JMIR Hum Factors 2024;11:e54386

doi:10.2196/54386

Keywords



Asthma is a common chronic inflammatory disease, which is estimated to affect 262 million people worldwide [1]. Step 1 of medical treatment involves the prescription of short-acting beta2-agonist (SABA) as a reliever medication. In contrast to inhaled corticosteroids (ICS), SABA does not have an anti-inflammatory effect on the respiratory tract [2,3]. In 2019, step 1 was modified in the Global Initiative for Asthma guidelines [2]. Specifically, the option of a low dose of ICS-formoterol, as needed, was added because asthma control is often suboptimal [3-5]. According to guidelines, using SABA more than twice a week indicates suboptimal, uncontrolled asthma [3]. Approximately half of the patients with asthma have uncontrolled asthma [5-7]. The overuse of SABA is linked to an increased risk of asthma exacerbations, which are associated with damage to the respiratory tract, asthma-related hospitalization, and visits to the emergency department [8-12].

The overuse of SABA is common for different reasons. First, individuals often overuse their SABA instead of taking ICS to achieve a rapid relief from an asthma attack [13-15]. Second, individuals may lack knowledge about the medication and insight into the actual frequency of medication use [13,16]. For example, the REcognise Asthma and LInk to Symptoms and Experience study [17] found that 80% of the participants thought they had controlled asthma, although 40% had used their SABA ≥3 times during the past week. A post hoc analysis of the Dutch participants from this study showed that 60% of the patients with asthma overused their SABA in the previous week [18].

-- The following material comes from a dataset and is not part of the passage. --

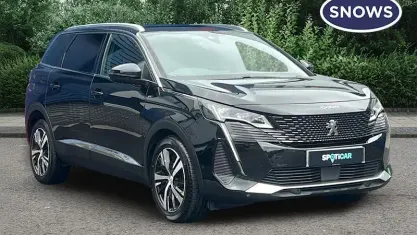Used Peugeot 5008 GTi 131 HP (96 kW) 2024 SUV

Previous studies have shown that self-management apps can help reduce the frequency of SABA use, increase SABA-free days, and improve overall asthma control [19,20]. These apps can also boost individuals’ confidence in managing asthma and improve their quality of life (QoL) [21-23]. Often, these self-management tools include education, self-monitoring, and feedback to support the end users in managing their disease daily [21,22,24,25]. Most apps are developed using state-based models, such as the Waterfall Model, and agile methods [26]. These traditional methods do not engage end users in the development process, which may result in lower usability and adherence of end users [27]. Therefore, an app was developed in collaboration with end users and other relevant stakeholders (eg, health care professionals) using a participatory design. This design can be used to engage relevant stakeholders during the development process, which may improve the usability and adherence to an app. The objective of the app is to help patients gain more insight into their SABA use while also promoting responsible SABA use. This may eventually decrease SABA overuse. In a previous study, we described the development process of the Asthma app [28].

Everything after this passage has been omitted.